Note: NFS is not supported for use with MSDP. ISCSI is supported in NetBackup versions 7.5 and above but with the restrictions outlined in the NetBackup Deduplication Guide.
6. On Windows Server 2008 R2, make sure that SP1 is installed as it includes many network and disk i/o performance patches:
https://support.microsoft.com/kb/976932
7. Stagger the backups under NetBackup so that they are not all starting at the same time.
8. As a workaround the following steps can be used to allow netbackup to tolerate slower response times from the disk pool without marking it as down. This is not a permanent fix and will only hide the issue but will allow backups to complete until the real issue can be fixed.
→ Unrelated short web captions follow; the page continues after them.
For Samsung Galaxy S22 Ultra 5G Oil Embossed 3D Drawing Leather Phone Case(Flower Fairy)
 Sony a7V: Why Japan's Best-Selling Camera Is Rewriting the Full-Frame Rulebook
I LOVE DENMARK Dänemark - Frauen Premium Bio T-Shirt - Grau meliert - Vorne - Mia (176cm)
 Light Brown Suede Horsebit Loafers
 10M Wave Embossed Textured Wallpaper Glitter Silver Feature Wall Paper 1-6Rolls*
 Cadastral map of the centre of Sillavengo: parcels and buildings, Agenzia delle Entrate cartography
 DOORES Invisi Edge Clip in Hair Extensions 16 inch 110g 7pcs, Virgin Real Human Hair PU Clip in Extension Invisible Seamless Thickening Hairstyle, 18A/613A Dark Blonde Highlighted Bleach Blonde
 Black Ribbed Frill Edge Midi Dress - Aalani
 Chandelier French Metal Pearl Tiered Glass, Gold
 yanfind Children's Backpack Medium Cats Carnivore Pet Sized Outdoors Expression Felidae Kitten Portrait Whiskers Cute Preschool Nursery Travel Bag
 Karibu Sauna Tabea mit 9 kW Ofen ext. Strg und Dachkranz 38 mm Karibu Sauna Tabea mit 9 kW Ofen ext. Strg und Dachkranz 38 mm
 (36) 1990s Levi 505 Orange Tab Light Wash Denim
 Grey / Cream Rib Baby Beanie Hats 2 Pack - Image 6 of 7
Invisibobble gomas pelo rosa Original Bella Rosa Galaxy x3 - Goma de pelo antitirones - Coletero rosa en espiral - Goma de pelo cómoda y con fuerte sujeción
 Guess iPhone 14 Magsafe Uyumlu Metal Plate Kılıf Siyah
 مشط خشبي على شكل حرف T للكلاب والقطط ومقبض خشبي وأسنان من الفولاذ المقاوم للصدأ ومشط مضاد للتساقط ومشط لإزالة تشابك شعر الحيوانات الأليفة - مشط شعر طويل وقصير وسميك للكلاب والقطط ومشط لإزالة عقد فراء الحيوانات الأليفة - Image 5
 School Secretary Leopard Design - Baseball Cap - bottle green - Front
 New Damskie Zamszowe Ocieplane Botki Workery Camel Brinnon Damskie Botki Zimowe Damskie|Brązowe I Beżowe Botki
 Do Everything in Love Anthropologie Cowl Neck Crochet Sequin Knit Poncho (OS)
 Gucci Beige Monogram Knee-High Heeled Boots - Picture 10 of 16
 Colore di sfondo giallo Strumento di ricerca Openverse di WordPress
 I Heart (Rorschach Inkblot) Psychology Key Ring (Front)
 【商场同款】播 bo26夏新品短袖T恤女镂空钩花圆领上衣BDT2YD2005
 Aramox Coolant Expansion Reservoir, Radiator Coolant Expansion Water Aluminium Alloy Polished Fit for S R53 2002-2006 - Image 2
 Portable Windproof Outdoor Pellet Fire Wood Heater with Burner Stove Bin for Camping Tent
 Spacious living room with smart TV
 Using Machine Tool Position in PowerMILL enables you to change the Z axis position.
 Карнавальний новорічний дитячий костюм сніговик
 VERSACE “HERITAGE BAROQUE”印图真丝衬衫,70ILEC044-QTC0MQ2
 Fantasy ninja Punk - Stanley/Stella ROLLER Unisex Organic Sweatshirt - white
Create the following files with the suggested settings:
Windows: <install path>\Veritas\NetBackup\db\config\
Linux/Unix: /usr/openv/netbackup/db/config/
Note: If your install location is different then please adjust the above paths to match your NetBackup install path.
- This one is just an empty file:
DPS_PROXYNOEXPIRE
- Create this file with the value of 1800 inside:
DPS_PROXYDEFAULTSENDTMO
- Create this file with the value of 1800 inside:
DPS_PROXYDEFAULTRECVTMO
Note: Make sure to use no file type suffix under windows as the files should be created the the exact names listed above.
- Please restart nbrmms (NetBackup Remote Manager and Monitor Service) on the media server
Warning: if the issue persists after one daily or nightly backup schedule window after employing the above configuration changes, please remove the touchfiles and troubleshoot the issue further via logs (nbrmms, dps, spoold, spad) to determine root cause.
Applies To
MSDP = Media Server Deduplication Pool
MSDO = Media Server Deduplication Option
PDDO = PureDisk Deduplication Option